Как во многих случаях, так и здесь, Шиллер инстинктивно и вопреки своему воспитанию на древнегреческих предубеждениях правильно заметил это, но не смог сделать выводов. Он писал: «Насколько больше мы уделяем внимания при эстетической оценке силе, чем направлению силы, насколько больше свободе, чем закономерности, достаточно очевидно из того, что мы охотнее видим силу и свободу выраженными за счет закономерности, чем закономерность, наблюдаемую за счет силы и свободы. Эстетическая оценка содержит здесь больше истинного, чем обычно полагают. Очевидно пороки, свидетельствующие о силе воли, проявляют большую предрасположенность к истинной моральной свободе, чем добродетели, которые ищут опору у тенденции, потому что настойчивому злодею достаточно одержать победу над собой, чтобы всю настойчивость и твердость воли, которую он тратит на зло, повернуть на добро».
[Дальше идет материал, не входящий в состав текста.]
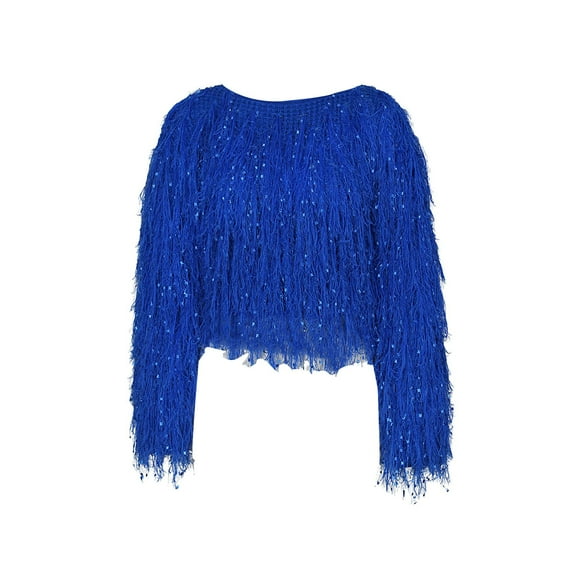 oqasdz Womens Sweater Long Sleeve Fringed Sweaters Round Neckline Knitwear Tassel Performance Pullover Sweater Casual Versatile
Эти слова ясно показывают одну сторону объяснения, почему такие образы как Ричард III и Яго оказывают на нас эстетическое воздействие. Они действуют на нас такими, какие они есть, в силу присущего им внутреннего закона. И мы даже не пытаемся дать им моральную оценку. Нас примиряет со всем частично их жизненная сила. Но это не началось с Шекспира, а находится у истока германского искусства. «Песнь о Нибелунгах» является, возможно, сильнейшим выражением волевого западноевропейского художественного творчества и уже здесь сама является высшей ценностью нордической расы, становясь проблемой, вызывая движение души и даже в предателе высочайшего стиля переживая свое художественно законченное осуществление.